(EXERCISE AIM):
Transcribe exactly, please, the line bearing "1617 35TH ST NW, Washington, DC 20007" and all later lines through the end of the records, with the pictures left out.

(Data excerpts):
Segment Open
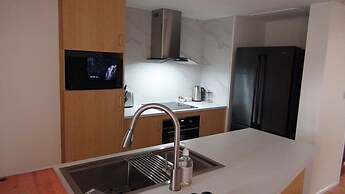 Beach bliss Queen bed BBQ Pool Netflix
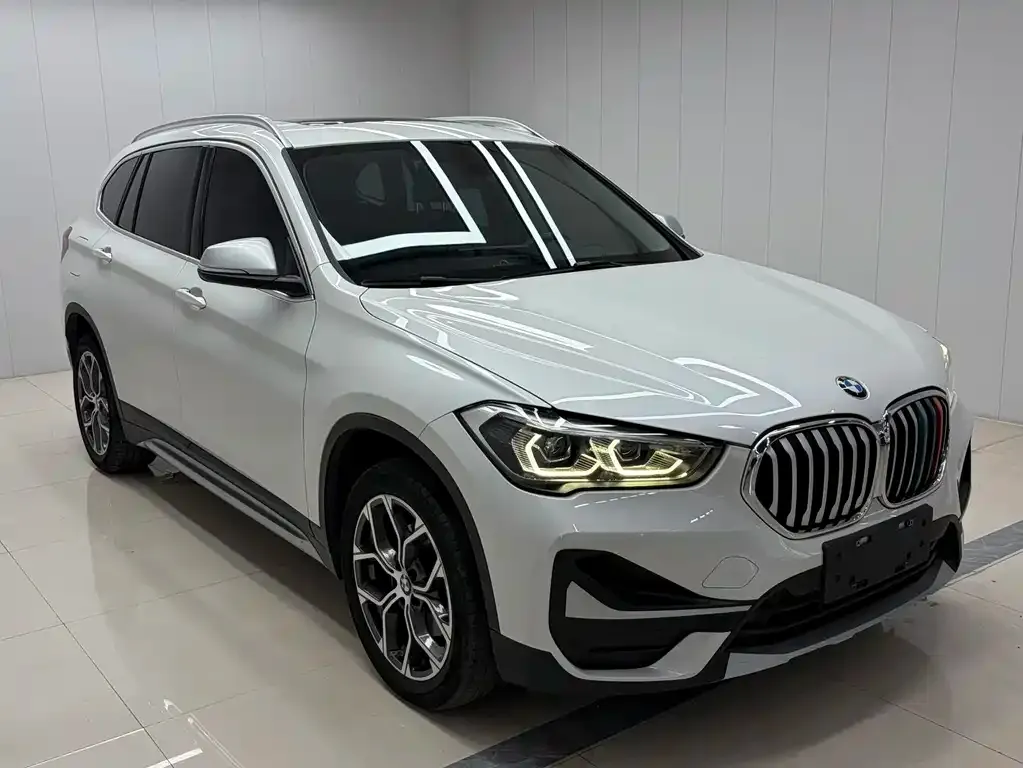 BMW X1 — фото 2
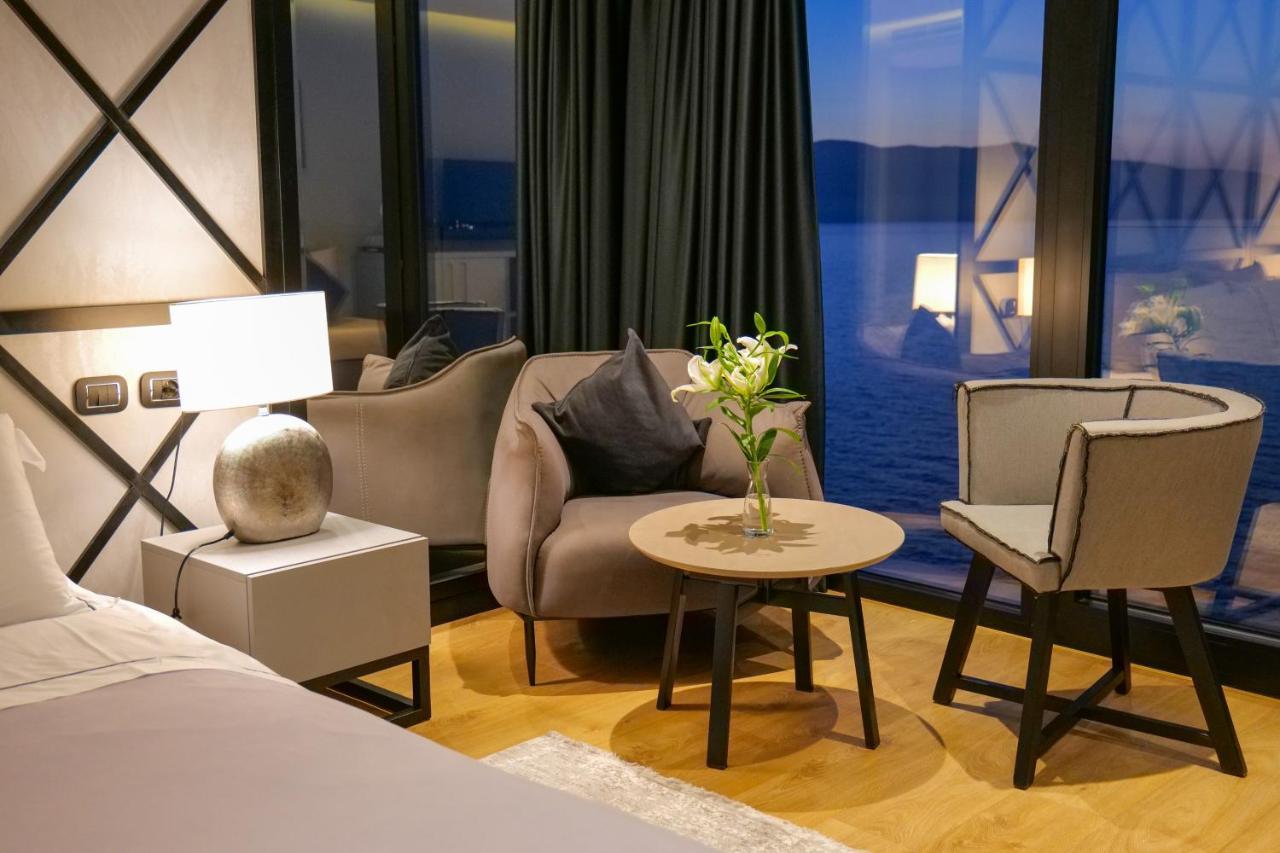Hotel Miramare Vlorë Екстериор снимка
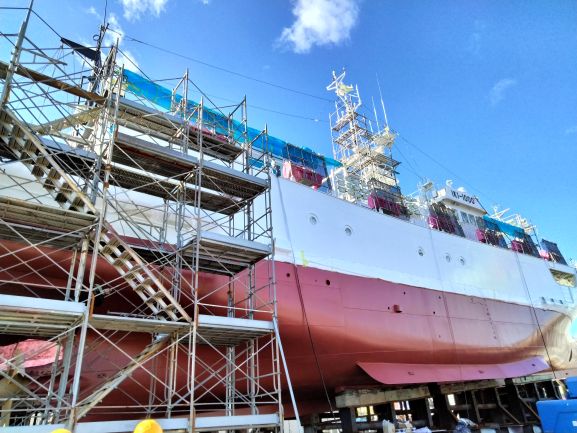 ドック中の石川県漁業調査指導船白山丸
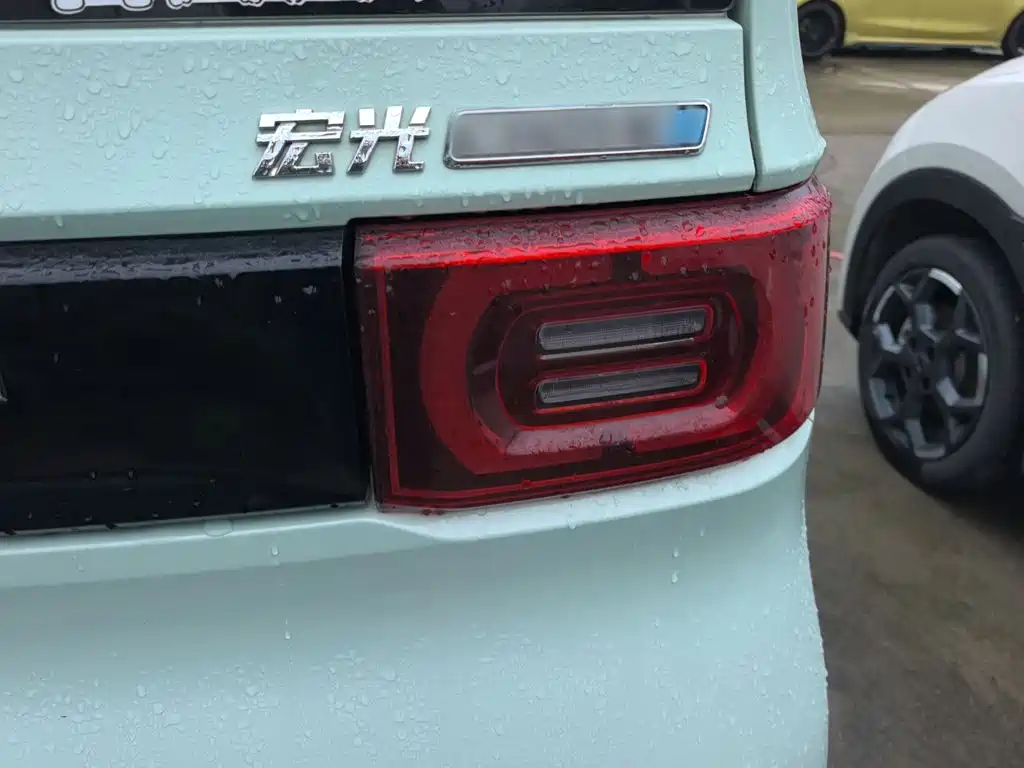 Wuling MINIEV — миниатюра 8
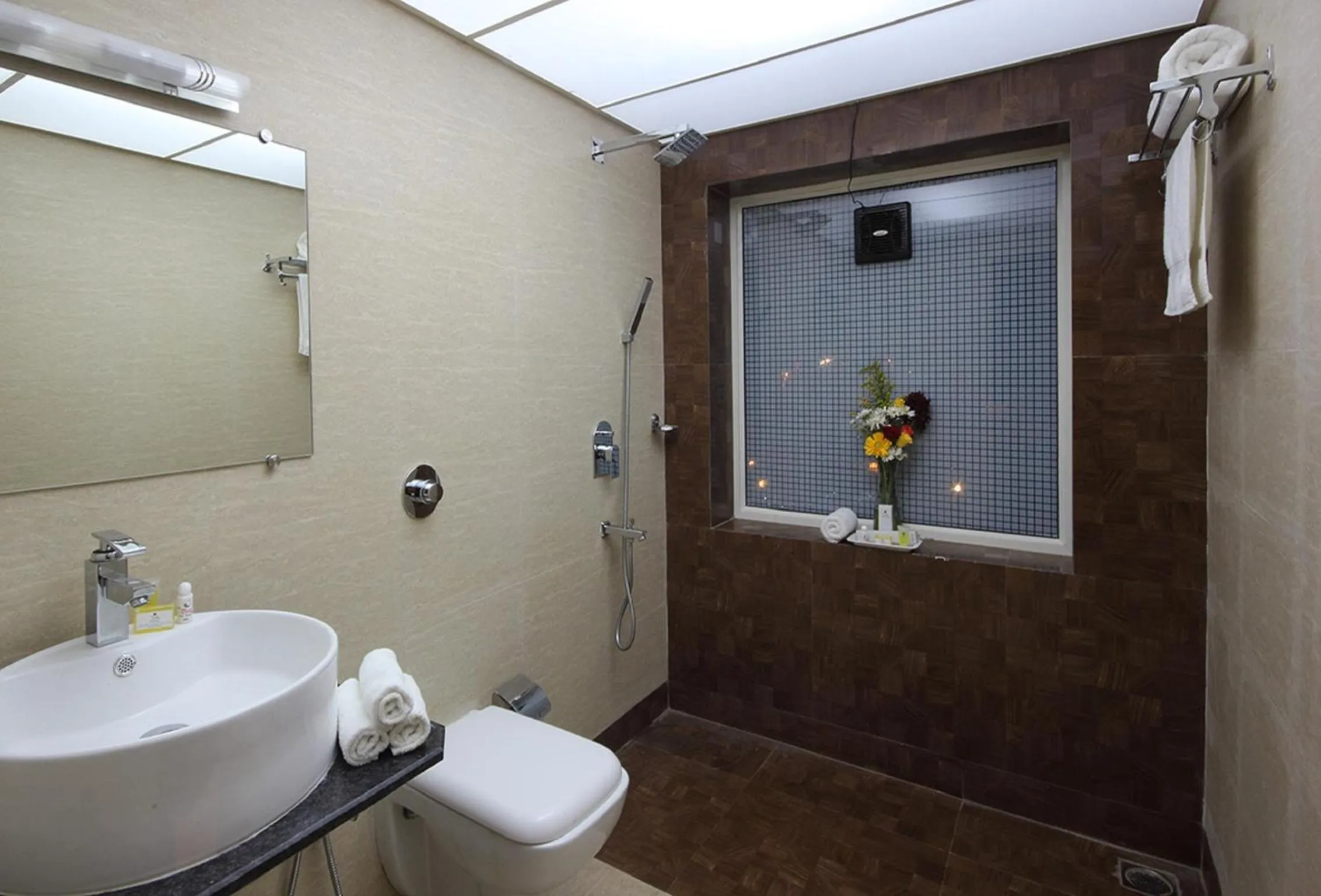 Shower in The Byke Old Anchor Beach Resort & Spa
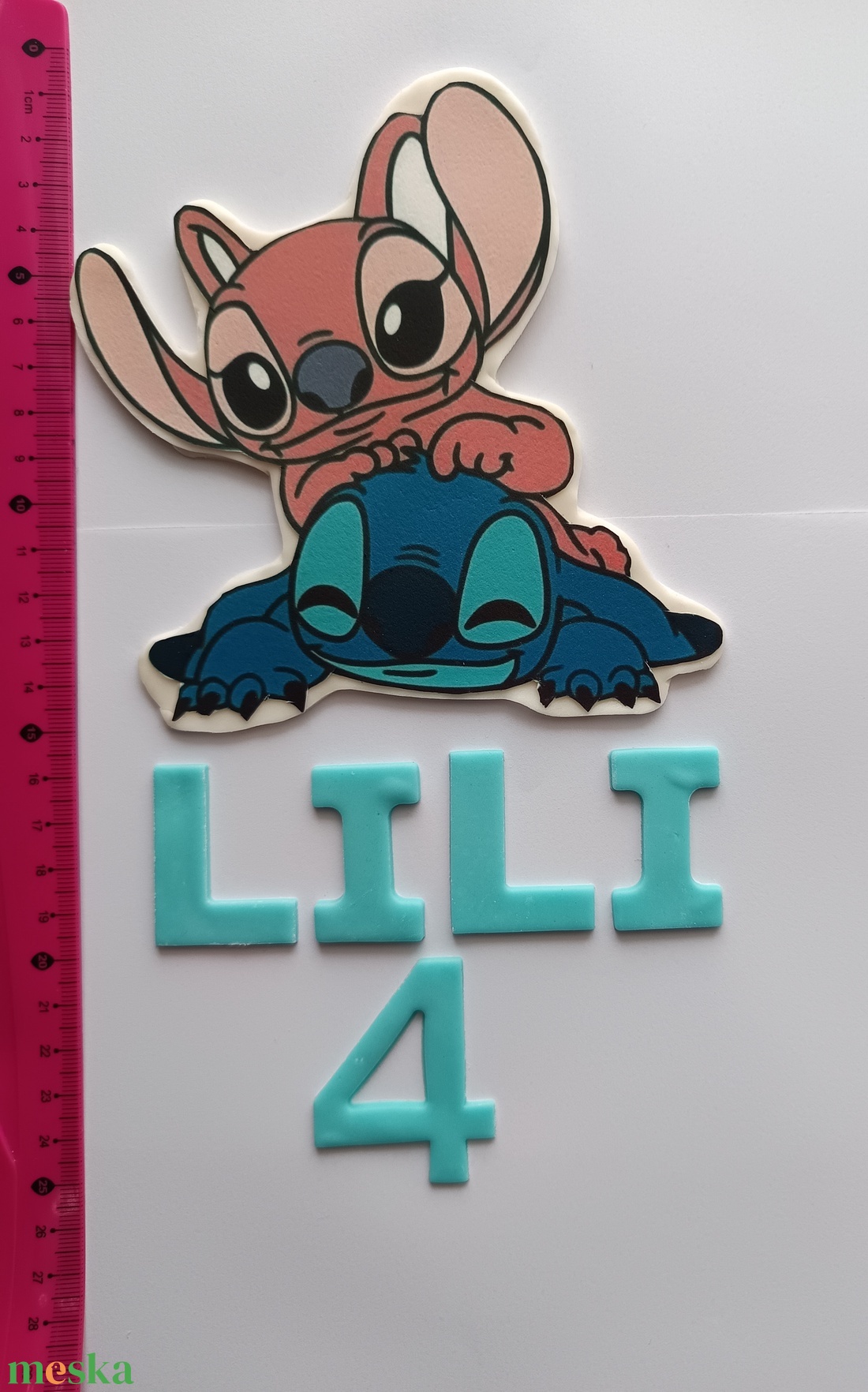 Tortadísz egyedi névvel - otthon & életmód - konyhafelszerelés, tálalás - sütés, főzés - sütidísz - Meska.hu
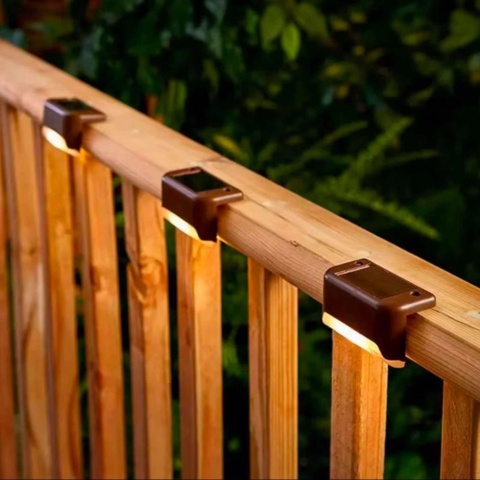 1410502-1 12 pcs Solar-powered stair & fence lamp - Free shipping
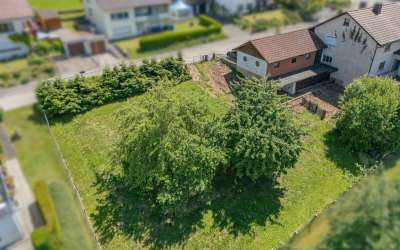 1-2-Familienhaus in toller Lage und schönem Grundstück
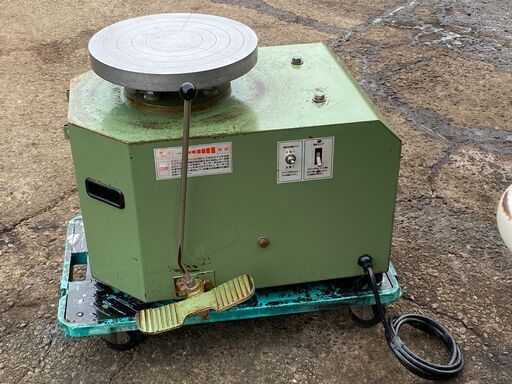動作品 太洋電機産業　陶芸 電動　ろくろ TP-2　 スピード調整　右廻り/左廻り　可能　 ペダル操作 轆轤 100V　50/60Hz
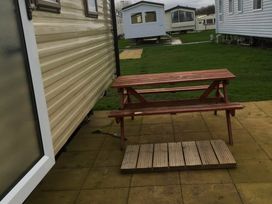 Primrose Valley Holiday Park - Holiday Accommodation 930 - North Yorkshire (incl. Whitby) - 1189237 - thumbnail photo 2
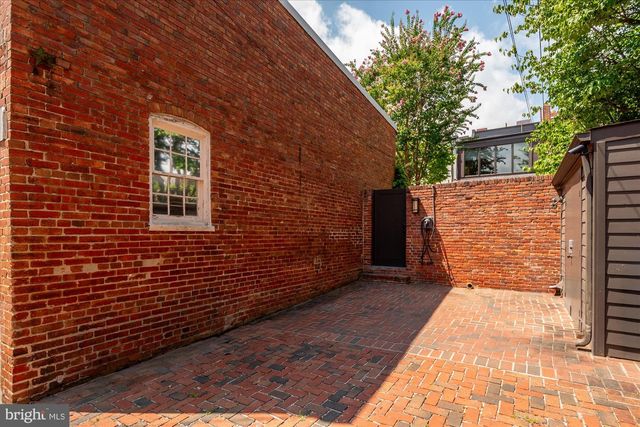 1617 35TH ST NW, Washington, DC 20007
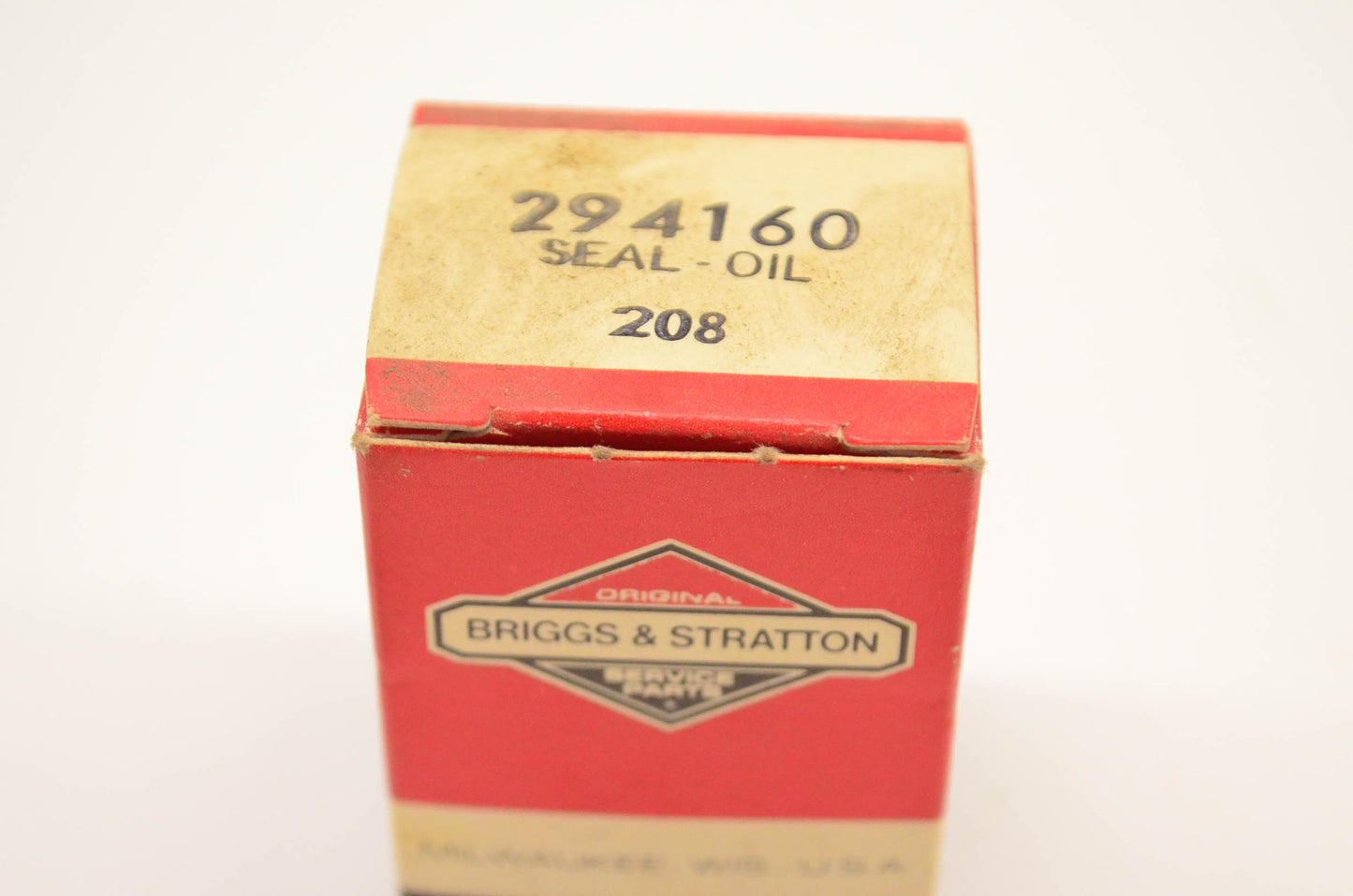 New OEM Briggs & Stratton 294160 Oil Seal NOS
Segment Closed
(COMPLETED TASK):
 1617 35TH ST NW, Washington, DC 20007
 New OEM Briggs & Stratton 294160 Oil Seal NOS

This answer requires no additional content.